Speaker: Brian Gorman @blgorman
Repo: https://github.com/blgorman/codemash-rugged-devops
For more, see theĀ table of contents
DevOps
- Process, not product
- Can’t buy tool (but can buy an existing team)
- Goal: reduce cycle time form idea to production with minimal error
- Automated testing
- Gates – automated and human, quality, release
- Avoid 2am support calls. Or at least only have to push a button to recover
Shift left
- Less cost if find bug early
- Reusable processes
- Push quality upstream
- Dev machine is as far left as can go
- Build scanning tools into process
- Sell the vision
Prereq
- Cloud env exists
- Templates
Actions
- .github/workflows – folder
- Actions tab to see result
YAML
- on: the triggers (ex: push, pull_request)
- env: (ex: branch)
- jobs: want you want to do
- with: trigger another job
Infrastructure as Code
- Declarative
- Repeatable Results
- Ensures no configuration drift
- Azure has imperative and complete options for ARM templates – complete is destructive and dangerous. Anything added outside code deleted.

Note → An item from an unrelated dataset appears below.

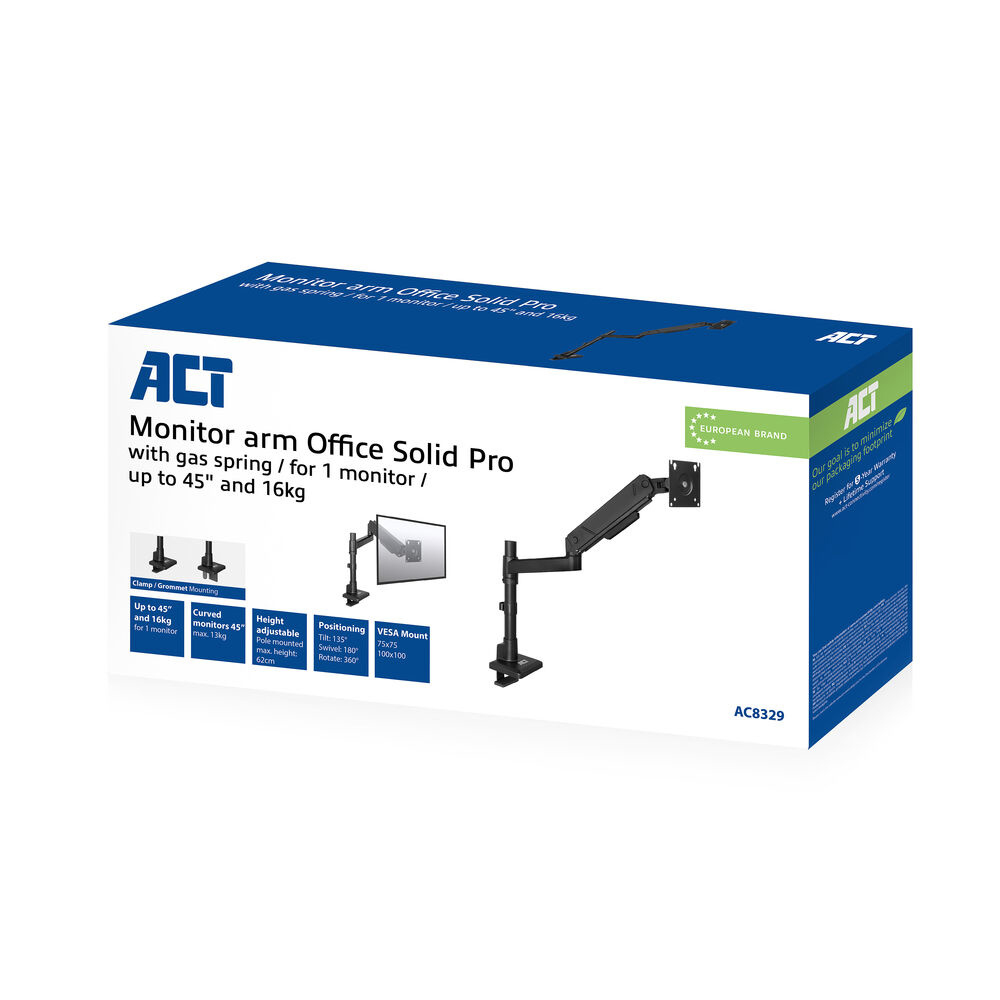 ACT Monitorarm 45" office solid pro, gasveer, paalbevestiging, 1 scherm - Afbeelding 6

- Tools – ARM templates (Bicep) , Terraform, Ansible, Puppet/Chef, Pulumi
Security
- App registration so github actions get access to Azure and add credential
- Setup github token
SonarCloud Scanner
- Most popular
- Not free
- Can choose whether to require fixing of warnings
Dependabot
- Brining in dependencies without knowing
- Alerts on insecure package
- Options for security updates
OWASP
- Zap Scan
- Baseline (lightweight) scan for pull requests
- Full scan overnight
- For penetration test, provide valid URL so can try to hit it
- WhiteSource – GP Security Scan
Q&A
- Azure DevOps pipelines easier if new team
- Azure DevOps has better gating
- GitHub getting better.
My take
The room was full. When I walked in, Brian was talking. I was worried he started early, but did not. He was just talking to the audience who arrived early separate from the session. It was a good intro to github actions. Also if it has been a while (more features now.) I’m glad the code was in a repo so I could read it on my screen. I’m sitting in the back (because my talk is right after this and I need to leave early) and can’t read the code from here. It’s also nice to have as a reference. I also like that he covered integrations like Sonar.